We have all had the time when we open a programming packet to glance over the problem set before choosing one to start on first. This can be the most crucial stage in any competition as it is essential for getting the easier issues out of the way and setting the pace for the rest of the competition. It is crucial to start off your competition on a high note so that you can roll through the rest of the ‘easy’ problems quickly.

In a standard UIL programming contest, you are given two hours to solve twelve coding problems of varying difficulty. These can range from advanced topics such as relational objects to basic applications like printing out five simple lines of code. There are typically two easy problems, three to four advanced problems, and the rest can be classified as medium difficulty. Points are points when it comes down to scoring so there is no reason to head straight for the hardest problems when you have seven or eight easier problems. This is one of the greatest roadblocks for smart teams. The members feel that they can handle these harder topics making them ignore the easier questions and consequently losing out on easy points that could have been gained in a lesser amount of time.
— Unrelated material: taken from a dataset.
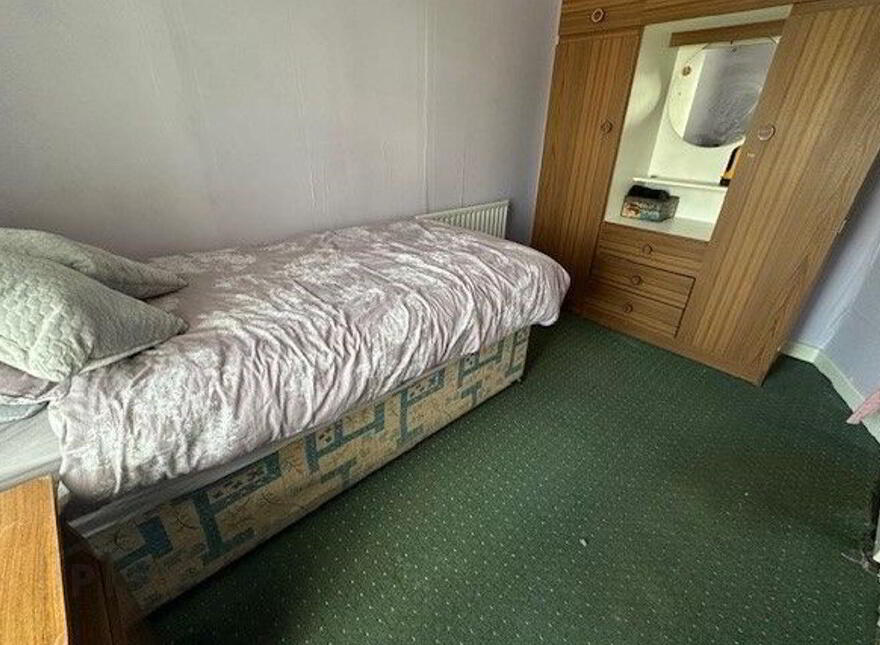 Mitchel Street, Thurles, E41X5H9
*So how do you find the easy problems?*

The first step in any contest should be to find the easiest two problems and give them to your weakest member, so the other two can rank the rest of the packet based on relative difficulty. We like to assign each problem a rank from one to three with the occasional rank of ‘impossible’. Impossible questions are ones that we could not solve given a week and a lethal dose of caffeine. From these rankings, we are able to assess the packet from a different point of view. No longer are the problems numbered one through twelve, now they are ranked in piles of ones, twos, and threes.

*Attacking the ones )*

The first stack that should be solved is the ones. These are questions that are basic String methods or manipulation of loops. Your goal should be to spend around ten minutes on each of these problems. A common strategy used by my team is to have two members work on these problems while the other member starts to delve into the more difficult material.

Ex: Problems that have no input and just print output.

*Tackling the twos )*

Once you have tackled the basic ones, you move on to the two. These are problems that require critical thinking to crack but end up having a simple solution in the end. Looking at a problem at face value can make even the most simple questions appear to be hard. You must be able to look further into the problem to find what it is truly asking for as there is almost always a way to either brute force the answer or get it very easily from the input with little data manipulation.

If you can brute force a problem there is no need to solve it gracefully. UIL is not a test of the ability to code efficiently, it is a test of sheer will to find the most brutish way to solve a problem. This was the greatest realization that helped to take my team to state in 2022. We no longer looked for the intended solution, but the solution that was meant to be destroyed. The solution that they fully intended no one to use since it is so inefficient and crude.

Ex: A few years back we were posed with the question of factoring an expression of degree one to four. At first glance, this seemed like it would take four methods, one for each degree of expression; however, given that the solution was guaranteed to be an integer of range [-1000,1000] there was a much simpler solution. Try every possible solution. I started a for loop at the value of -1000 and ended at 1000. I then plugged this value in for each x in the expression ensuring to raise it to the respective exponent at each occurrence. Using this over-the-top brute force approach I was able to solve a somewhat complex problem in five minutes.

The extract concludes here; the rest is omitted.